Exactly. And we all have the power to make those choices. Thanks Curtis!
Well said!!! I’ve just been through the exact same predicament. Been sitting on my desicions over Christmas, and ready to get my butt back into gear for 2010. Only choice is now… which direction?
Same thing happening to me right now. Im so glad i read this article! ty
Waiting to make a life decision is key.
While this is paramount advice for everybody, I’d say especially so for those of us in the creative industry.
I can’t tell you how many designers I’ve come across who aren’t in the field anymore.
Then again, I know of a few designers who are much more content to simply be designing for the joy of it upon leaving the pro scene.
It’s classic “sex vs. cash.”
best thing i did when i was let go this past year was to ‘take the rest of that week off’ (i think i was let go on a wed or thurs). i took the time to enjoy life, enjoy time with my kids and wife, and really ‘stop to smell the roses’. i thought of it almost as a detox (kind of an ‘out with the bad in with the good’). think about what you are doing, what you’ve done in the past and what you did and didn’t like about your job and career.
my brother and dad gave me the best advise. ‘make finding a job your job.’ alot of people that i know took too long off and basically ‘lived’ on their unemployment instead of thinking of it has a parachute to use until you are back on your feet.

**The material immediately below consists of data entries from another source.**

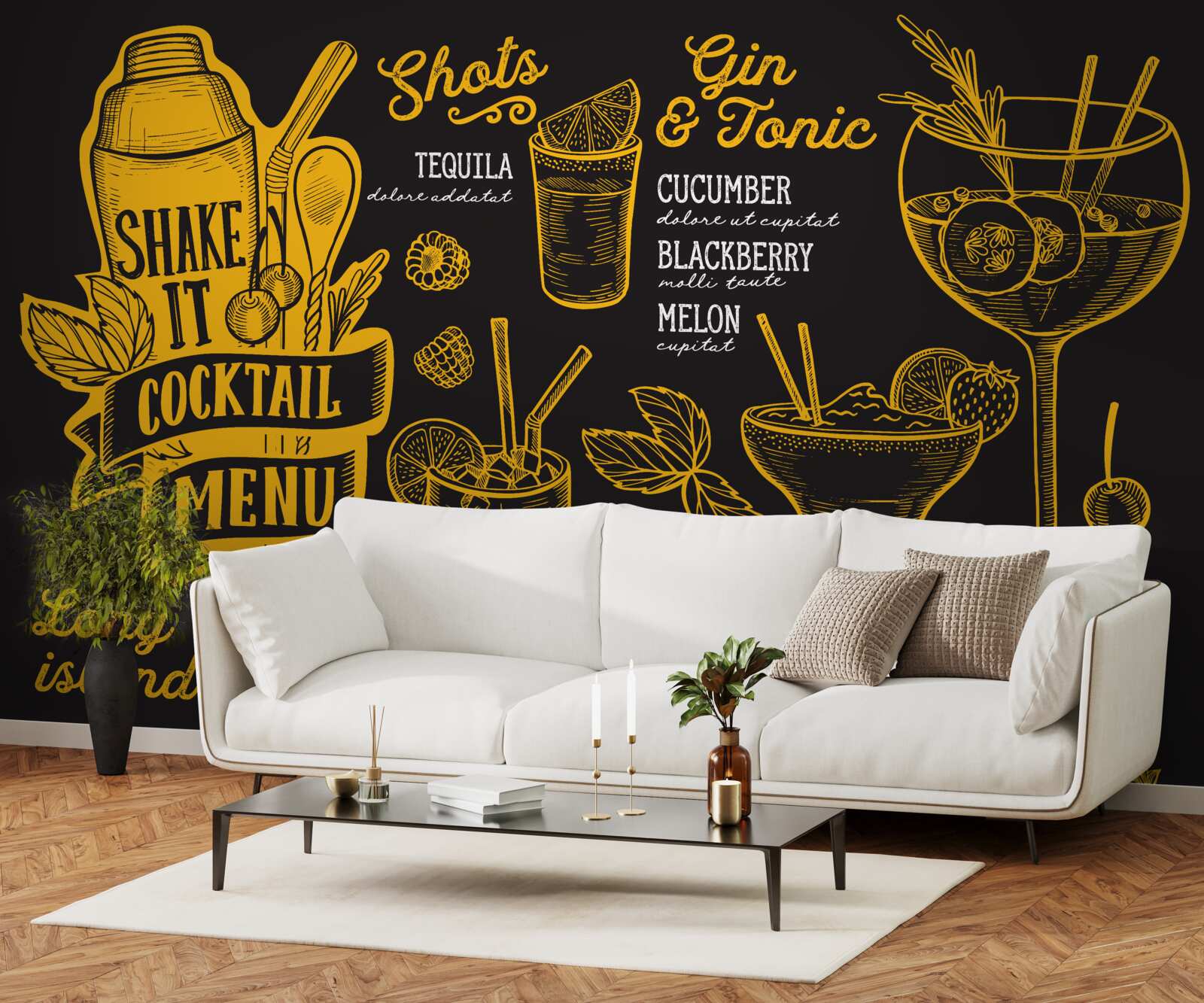 Fototapeta koktailové menu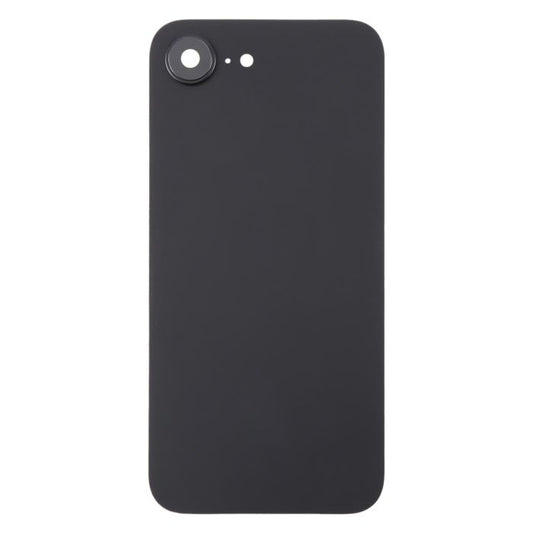 Back Glass With Steel Plate Compatible For iPhone 16e (Black)(NO LOGO)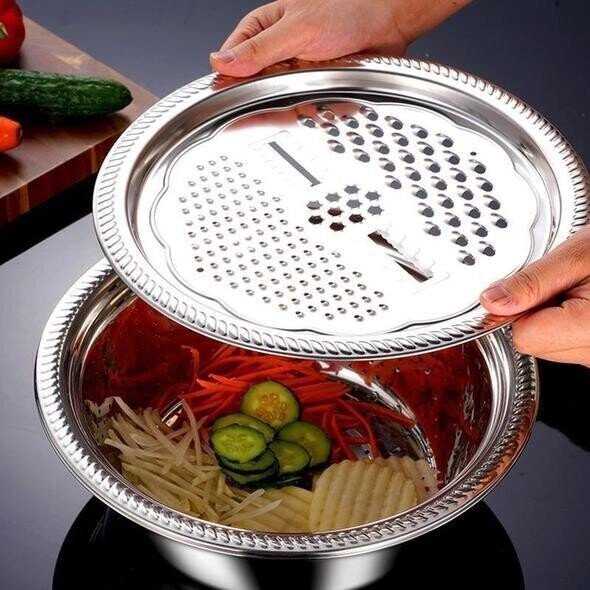 3 in 1 Kitchen Multipurpose Julienne Grater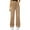 Khaki, variant on adviicd Womens Flare Jeans High Waisted Wide Leg Baggy Jean for Women Stretch Denim Pants (Khaki, M)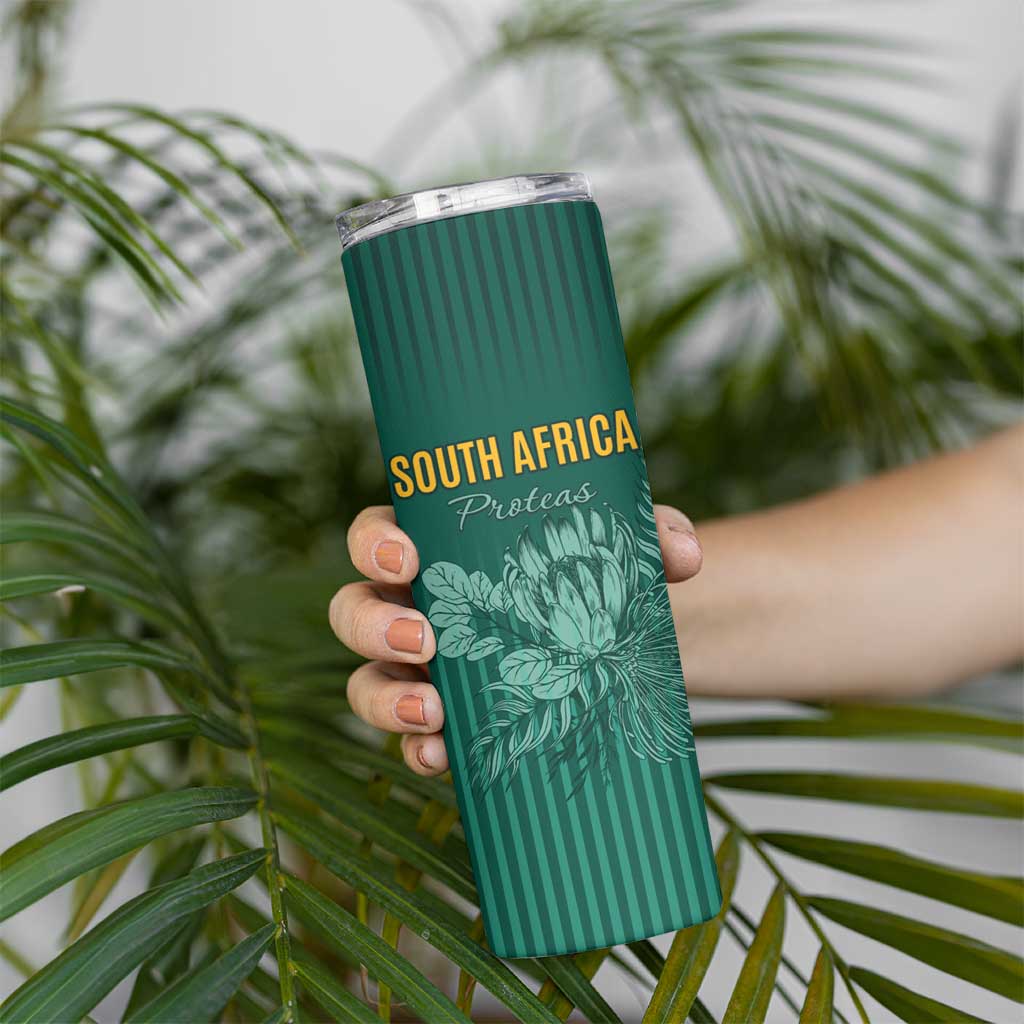 Custom South Africa Cricket Skinny Tumbler Road To Champions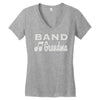 band grandma Women's V-Neck T-Shirt
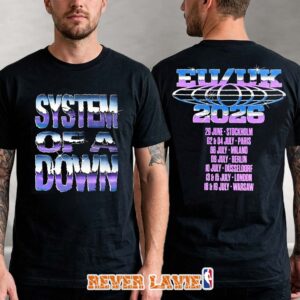 System Of A Down SOAD Merch EU And UK Tour 2026 Tour Dates Two Sided Unisex T-Shirt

keep it all in perspective and put your sales hat on. you are the product that you are selling. make it right, make it work.
hang in there. everything happens for a reason.
Thanks for this comment.
I like the sense of responsibility you took for getting fired. Sure, getting fired is shit, but I like that you saw you had the choice to be personally powerful in the situation and learn from it. Now you have a really good story to tell about what you learned from your first job and how it has served the rest of your life, and are choosing to do it positively and for other’s benefit.
I used to do a lot of recruitment and would interview people who’d been fired. You’d be amazed at the people who point the finger at their previous bosses and who carry a chip on their shoulder even years after the event. It’s so good to see someone who looked in the mirror and decided to move on.